Supplied material

● ● ● ●

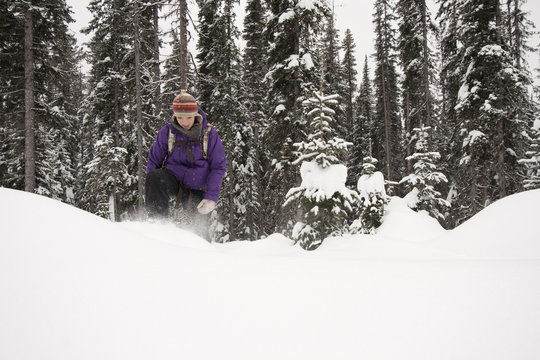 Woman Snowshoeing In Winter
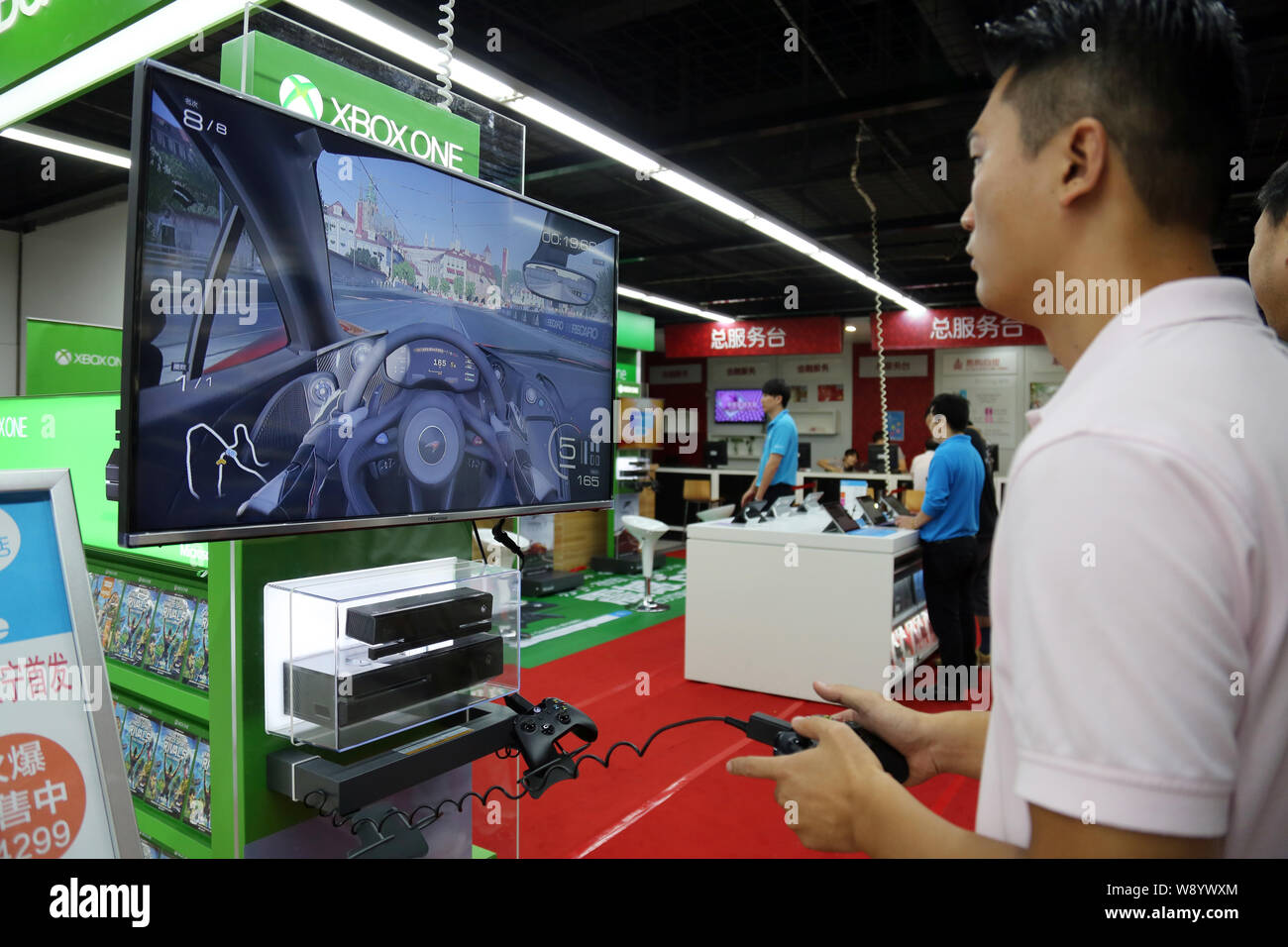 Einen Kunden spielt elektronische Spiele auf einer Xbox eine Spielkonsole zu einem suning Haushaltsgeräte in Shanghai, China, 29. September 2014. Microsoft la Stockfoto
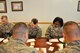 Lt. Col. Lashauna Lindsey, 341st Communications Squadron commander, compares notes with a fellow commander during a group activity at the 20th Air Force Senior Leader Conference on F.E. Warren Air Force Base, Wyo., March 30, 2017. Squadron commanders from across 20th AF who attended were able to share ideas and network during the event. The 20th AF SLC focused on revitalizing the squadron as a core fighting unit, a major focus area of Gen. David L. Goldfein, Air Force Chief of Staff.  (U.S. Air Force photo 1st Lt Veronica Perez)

● ● ● ●

Task statement
When you restate the listing, keep every word as it is and drop the pictures.

Written reply
 Woman Snowshoeing In Winter
 Einen Kunden spielt elektronische Spiele auf einer Xbox eine Spielkonsole zu einem suning Haushaltsgeräte in Shanghai, China, 29. September 2014. Microsoft la Stockfoto
 Lt. Col. Lashauna Lindsey, 341st Communications Squadron commander, compares notes with a fellow commander during a group activity at the 20th Air Force Senior Leader Conference on F.E. Warren Air Force Base, Wyo., March 30, 2017. Squadron commanders from across 20th AF who attended were able to share ideas and network during the event. The 20th AF SLC focused on revitalizing the squadron as a core fighting unit, a major focus area of Gen. David L. Goldfein, Air Force Chief of Staff.  (U.S. Air Force photo 1st Lt Veronica Perez)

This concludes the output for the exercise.